I have major issues with my mom. We fight every  day. Like fights where i end up in tears everytime. And i'm not a sensative person. I refuse to cry in front of people but she makes me just burst out in tears. She thinks I'm a bitch and i know I'm not. I'm not a bitch because i speak my mind to her and tell her how i feel about things.. right?

She flips out on me for no reason. Llike recently i tried out for my highschools dance team. We were getting ready to leave and she told me to eat something. I told her i wasn't really hungry no thanks. And she started slamming things and asking me if i was anerexic and needed to see a therapist. She's alway implying that i should see a therapist.. which i know is ridiculous because my only problem is her.

I've asked her numerous times to not swear at me or call me names. But she just says well you are a brat.

It really hurts. I have tears in my eyes just thinking about it.

I've changed a lot in the last few years. But the side of my personality that she has an issue with has always been there. That's just me. I'm a umm classic Leo.

She doesn't listen to me when i try to have casual conversation with her or tell her stories about my life. Then she complains I don't tell her anything.

I don't get it. I feel so helpless and hurt. And i don't talk to anyone about this. Not even my best friend because she has her own problems so i'm not gonna complain about mine.

So does anyone have any advice on how i should deal?
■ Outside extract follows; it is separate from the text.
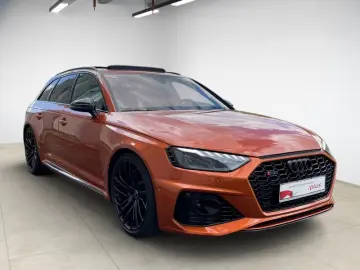 RS4 Avant 2.9 TFSI quattro Tiptronic LEDER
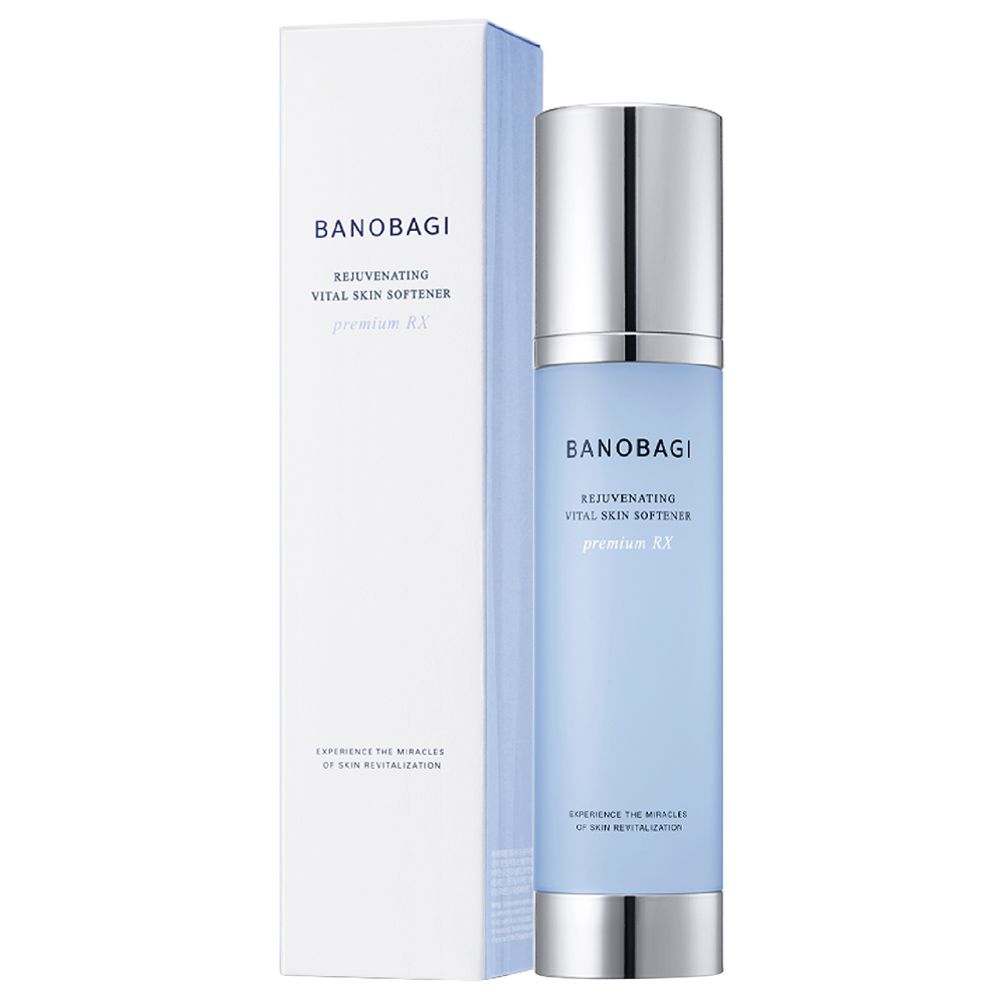 Banobagi - Rejuvenating Vital Skin Softener - 120ml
-- Posted by M J at 2:38 pm on June 23, 2008

I don't know your mom, but from what you have stated it appears that she is acting a little bit immature.  Even though you are both to blame, because you both are fighting, a parent typically should be the bigger person.  
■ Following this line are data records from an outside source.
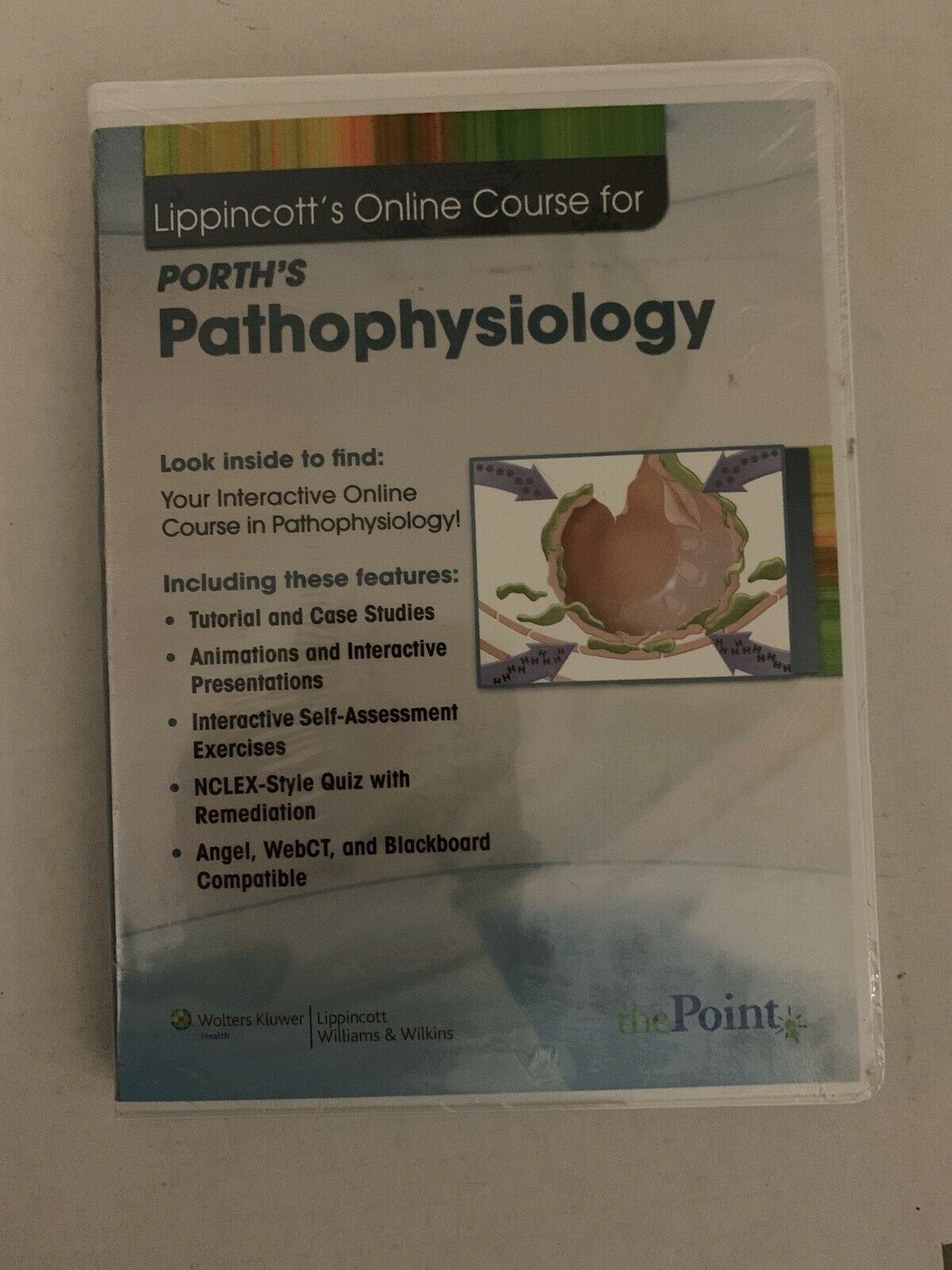 Course Point Lippincott Login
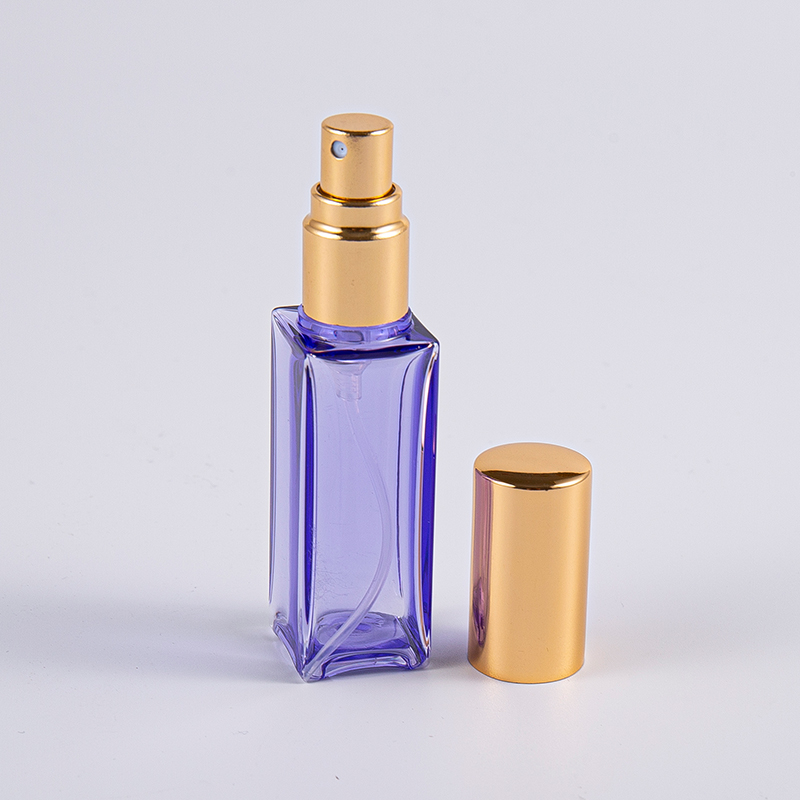 Fuktighetskremer for ansiktet 15 ml 30 ml 100 ml 150 ml PETG Square Lotion-flaske Fuktighetskremer for ansiktet 15 ml 30 ml 100 ml 150 ml PETG Square Lotion-flaske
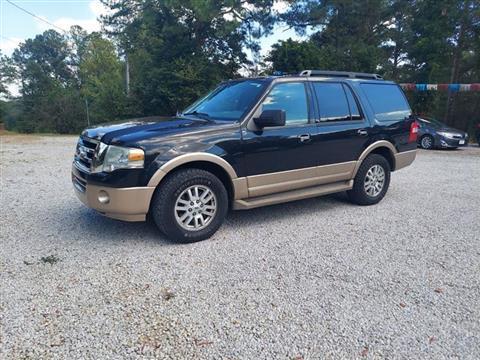 2014 Ford Expedition King Ranch 2WD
Ever since we were kids we were taught that our parents know best and whatever they say is truth, that isn't always the case.  Sometimes parents mess up and say things that they don't mean, and many times they say things that are hurtful because they don't know how deep we take their comments.  My suggestion to you would be to lighten up a little bit.  Don't take everything your mom says to such a deep spot in your heart.  If you take what she says with a grain of salt, chances are your fights will not be as serious.  
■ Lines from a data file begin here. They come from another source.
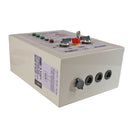 Panou automat de control si transfer Zonetec ATS_6-9KW_M pentru generatoare de curent monofazate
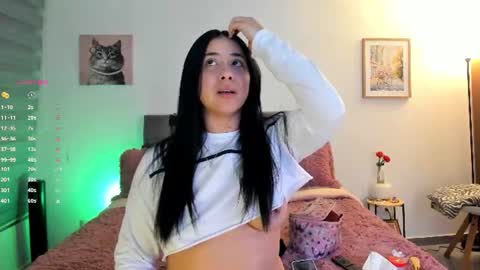 Snapshot of gabi_boom chatting on 07/21/26, 12:13 Gabriela online show from 07/21/26, 12:13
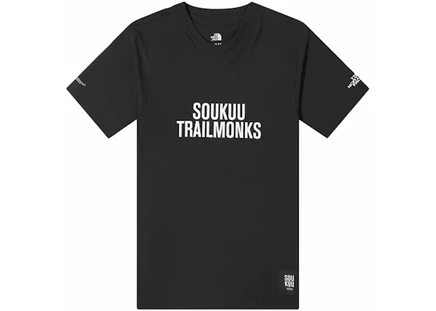 Футболка The North Face x Undercover Soukuu Hike, черная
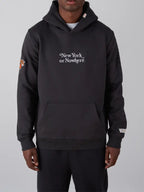 New York Or Nowhere Knicks Motto Hoodie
I know you have already tried talking to her, but did you go about it in a mature way?  Instead of accusing her of things, try to put the blame on you.  Instead of saying 'you say this and it makes me feel bad' say something along the lines of 'I get sad when people call me a brat/bitch' By stating it like that she is more likely to listen to you rather than act defensive.

Just keep in mind that even though it may not seem like it, she has your best interest at heart and I'm sure she loves you.  Some people just have a harder time showing love than others.